:: TASK REQUIREMENTS ::
Would you transcribe each of the entries exactly, with nothing added or dropped?

:: MATERIAL SHOWN ::
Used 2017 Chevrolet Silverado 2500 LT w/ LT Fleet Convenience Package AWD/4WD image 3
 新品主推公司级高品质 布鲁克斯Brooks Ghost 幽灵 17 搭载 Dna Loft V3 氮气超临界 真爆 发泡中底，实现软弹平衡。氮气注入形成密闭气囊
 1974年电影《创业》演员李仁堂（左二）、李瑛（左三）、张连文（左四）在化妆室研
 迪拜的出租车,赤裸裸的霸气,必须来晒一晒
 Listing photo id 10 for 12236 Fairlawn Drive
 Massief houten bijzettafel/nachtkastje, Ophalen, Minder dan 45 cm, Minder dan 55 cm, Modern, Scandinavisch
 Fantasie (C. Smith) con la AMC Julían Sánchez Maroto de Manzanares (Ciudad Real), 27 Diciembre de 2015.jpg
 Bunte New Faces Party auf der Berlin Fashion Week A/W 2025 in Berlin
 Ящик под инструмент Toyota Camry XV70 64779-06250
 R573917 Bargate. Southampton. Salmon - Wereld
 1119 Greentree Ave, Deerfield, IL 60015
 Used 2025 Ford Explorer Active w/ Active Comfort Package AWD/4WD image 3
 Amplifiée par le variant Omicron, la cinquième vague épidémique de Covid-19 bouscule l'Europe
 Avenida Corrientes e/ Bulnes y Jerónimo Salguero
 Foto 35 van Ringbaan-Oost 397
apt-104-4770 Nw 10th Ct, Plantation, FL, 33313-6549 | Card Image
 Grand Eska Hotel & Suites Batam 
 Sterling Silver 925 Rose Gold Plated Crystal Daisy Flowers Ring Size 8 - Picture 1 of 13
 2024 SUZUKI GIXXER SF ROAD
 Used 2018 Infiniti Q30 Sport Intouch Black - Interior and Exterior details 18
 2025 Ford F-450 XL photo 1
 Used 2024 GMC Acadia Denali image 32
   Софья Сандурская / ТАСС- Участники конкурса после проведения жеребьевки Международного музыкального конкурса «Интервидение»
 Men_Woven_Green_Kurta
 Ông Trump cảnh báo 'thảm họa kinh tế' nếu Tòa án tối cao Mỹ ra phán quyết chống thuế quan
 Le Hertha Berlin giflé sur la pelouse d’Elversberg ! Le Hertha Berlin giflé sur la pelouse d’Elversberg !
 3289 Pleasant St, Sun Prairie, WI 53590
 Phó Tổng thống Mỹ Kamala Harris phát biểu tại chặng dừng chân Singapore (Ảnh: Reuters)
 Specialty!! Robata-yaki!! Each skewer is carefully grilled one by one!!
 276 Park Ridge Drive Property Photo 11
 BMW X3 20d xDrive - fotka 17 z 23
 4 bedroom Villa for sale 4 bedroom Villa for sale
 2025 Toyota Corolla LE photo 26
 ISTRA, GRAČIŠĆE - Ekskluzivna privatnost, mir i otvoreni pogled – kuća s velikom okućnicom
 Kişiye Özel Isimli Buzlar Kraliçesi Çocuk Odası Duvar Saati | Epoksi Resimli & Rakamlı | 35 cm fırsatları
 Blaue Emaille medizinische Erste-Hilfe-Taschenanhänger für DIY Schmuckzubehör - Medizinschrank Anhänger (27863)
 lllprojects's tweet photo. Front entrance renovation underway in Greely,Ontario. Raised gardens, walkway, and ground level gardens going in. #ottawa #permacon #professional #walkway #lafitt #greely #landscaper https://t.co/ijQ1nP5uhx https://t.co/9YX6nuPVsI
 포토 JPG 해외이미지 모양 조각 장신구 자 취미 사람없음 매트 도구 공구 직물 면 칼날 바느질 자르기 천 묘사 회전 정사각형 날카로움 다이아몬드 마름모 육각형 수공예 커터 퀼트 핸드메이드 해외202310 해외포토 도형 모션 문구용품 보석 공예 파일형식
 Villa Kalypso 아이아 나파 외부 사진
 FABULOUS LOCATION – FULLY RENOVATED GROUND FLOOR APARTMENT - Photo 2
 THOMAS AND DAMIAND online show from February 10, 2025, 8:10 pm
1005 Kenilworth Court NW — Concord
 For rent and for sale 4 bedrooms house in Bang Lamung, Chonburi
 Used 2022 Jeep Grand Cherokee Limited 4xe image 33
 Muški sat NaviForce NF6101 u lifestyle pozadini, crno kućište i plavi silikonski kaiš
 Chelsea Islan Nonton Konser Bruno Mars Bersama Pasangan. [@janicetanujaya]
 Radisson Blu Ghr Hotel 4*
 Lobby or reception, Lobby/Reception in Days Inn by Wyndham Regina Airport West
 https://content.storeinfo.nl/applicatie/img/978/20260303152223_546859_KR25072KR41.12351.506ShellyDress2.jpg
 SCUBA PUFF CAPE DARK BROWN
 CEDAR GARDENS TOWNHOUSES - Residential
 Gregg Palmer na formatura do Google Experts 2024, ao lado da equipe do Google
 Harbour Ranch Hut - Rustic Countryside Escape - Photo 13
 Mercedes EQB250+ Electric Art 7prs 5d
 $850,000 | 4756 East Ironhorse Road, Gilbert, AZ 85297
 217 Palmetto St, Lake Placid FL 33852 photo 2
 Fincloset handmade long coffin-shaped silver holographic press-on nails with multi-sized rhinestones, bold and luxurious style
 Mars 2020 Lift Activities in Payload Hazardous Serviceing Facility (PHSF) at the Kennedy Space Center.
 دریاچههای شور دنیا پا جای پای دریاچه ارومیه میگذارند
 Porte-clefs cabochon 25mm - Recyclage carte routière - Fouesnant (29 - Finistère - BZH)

:: ANSWER SPACE ::
Used 2017 Chevrolet Silverado 2500 LT w/ LT Fleet Convenience Package AWD/4WD image 3
 新品主推公司级高品质 布鲁克斯Brooks Ghost 幽灵 17 搭载 Dna Loft V3 氮气超临界 真爆 发泡中底，实现软弹平衡。氮气注入形成密闭气囊
 1974年电影《创业》演员李仁堂（左二）、李瑛（左三）、张连文（左四）在化妆室研
 迪拜的出租车,赤裸裸的霸气,必须来晒一晒
 Listing photo id 10 for 12236 Fairlawn Drive
 Massief houten bijzettafel/nachtkastje, Ophalen, Minder dan 45 cm, Minder dan 55 cm, Modern, Scandinavisch
 Fantasie (C. Smith) con la AMC Julían Sánchez Maroto de Manzanares (Ciudad Real), 27 Diciembre de 2015.jpg
 Bunte New Faces Party auf der Berlin Fashion Week A/W 2025 in Berlin
 Ящик под инструмент Toyota Camry XV70 64779-06250
 R573917 Bargate. Southampton. Salmon - Wereld
 1119 Greentree Ave, Deerfield, IL 60015
 Used 2025 Ford Explorer Active w/ Active Comfort Package AWD/4WD image 3
 Amplifiée par le variant Omicron, la cinquième vague épidémique de Covid-19 bouscule l'Europe
 Avenida Corrientes e/ Bulnes y Jerónimo Salguero
 Foto 35 van Ringbaan-Oost 397
apt-104-4770 Nw 10th Ct, Plantation, FL, 33313-6549 | Card Image
 Grand Eska Hotel & Suites Batam 
 Sterling Silver 925 Rose Gold Plated Crystal Daisy Flowers Ring Size 8 - Picture 1 of 13
 2024 SUZUKI GIXXER SF ROAD
 Used 2018 Infiniti Q30 Sport Intouch Black - Interior and Exterior details 18
 2025 Ford F-450 XL photo 1
 Used 2024 GMC Acadia Denali image 32
   Софья Сандурская / ТАСС- Участники конкурса после проведения жеребьевки Международного музыкального конкурса «Интервидение»
 Men_Woven_Green_Kurta
 Ông Trump cảnh báo 'thảm họa kinh tế' nếu Tòa án tối cao Mỹ ra phán quyết chống thuế quan
 Le Hertha Berlin giflé sur la pelouse d’Elversberg ! Le Hertha Berlin giflé sur la pelouse d’Elversberg !
 3289 Pleasant St, Sun Prairie, WI 53590
 Phó Tổng thống Mỹ Kamala Harris phát biểu tại chặng dừng chân Singapore (Ảnh: Reuters)
 Specialty!! Robata-yaki!! Each skewer is carefully grilled one by one!!
 276 Park Ridge Drive Property Photo 11
 BMW X3 20d xDrive - fotka 17 z 23
 4 bedroom Villa for sale 4 bedroom Villa for sale
 2025 Toyota Corolla LE photo 26
 ISTRA, GRAČIŠĆE - Ekskluzivna privatnost, mir i otvoreni pogled – kuća s velikom okućnicom
 Kişiye Özel Isimli Buzlar Kraliçesi Çocuk Odası Duvar Saati | Epoksi Resimli & Rakamlı | 35 cm fırsatları
 Blaue Emaille medizinische Erste-Hilfe-Taschenanhänger für DIY Schmuckzubehör - Medizinschrank Anhänger (27863)
 lllprojects's tweet photo. Front entrance renovation underway in Greely,Ontario. Raised gardens, walkway, and ground level gardens going in. #ottawa #permacon #professional #walkway #lafitt #greely #landscaper https://t.co/ijQ1nP5uhx https://t.co/9YX6nuPVsI
 포토 JPG 해외이미지 모양 조각 장신구 자 취미 사람없음 매트 도구 공구 직물 면 칼날 바느질 자르기 천 묘사 회전 정사각형 날카로움 다이아몬드 마름모 육각형 수공예 커터 퀼트 핸드메이드 해외202310 해외포토 도형 모션 문구용품 보석 공예 파일형식
 Villa Kalypso 아이아 나파 외부 사진
 FABULOUS LOCATION – FULLY RENOVATED GROUND FLOOR APARTMENT - Photo 2
 THOMAS AND DAMIAND online show from February 10, 2025, 8:10 pm
1005 Kenilworth Court NW — Concord
 For rent and for sale 4 bedrooms house in Bang Lamung, Chonburi
 Used 2022 Jeep Grand Cherokee Limited 4xe image 33
 Muški sat NaviForce NF6101 u lifestyle pozadini, crno kućište i plavi silikonski kaiš
 Chelsea Islan Nonton Konser Bruno Mars Bersama Pasangan. [@janicetanujaya]
 Radisson Blu Ghr Hotel 4*
 Lobby or reception, Lobby/Reception in Days Inn by Wyndham Regina Airport West
 https://content.storeinfo.nl/applicatie/img/978/20260303152223_546859_KR25072KR41.12351.506ShellyDress2.jpg
 SCUBA PUFF CAPE DARK BROWN
 CEDAR GARDENS TOWNHOUSES - Residential
 Gregg Palmer na formatura do Google Experts 2024, ao lado da equipe do Google
 Harbour Ranch Hut - Rustic Countryside Escape - Photo 13
 Mercedes EQB250+ Electric Art 7prs 5d
 $850,000 | 4756 East Ironhorse Road, Gilbert, AZ 85297
 217 Palmetto St, Lake Placid FL 33852 photo 2
 Fincloset handmade long coffin-shaped silver holographic press-on nails with multi-sized rhinestones, bold and luxurious style
 Mars 2020 Lift Activities in Payload Hazardous Serviceing Facility (PHSF) at the Kennedy Space Center.
 دریاچههای شور دنیا پا جای پای دریاچه ارومیه میگذارند
 Porte-clefs cabochon 25mm - Recyclage carte routière - Fouesnant (29 - Finistère - BZH)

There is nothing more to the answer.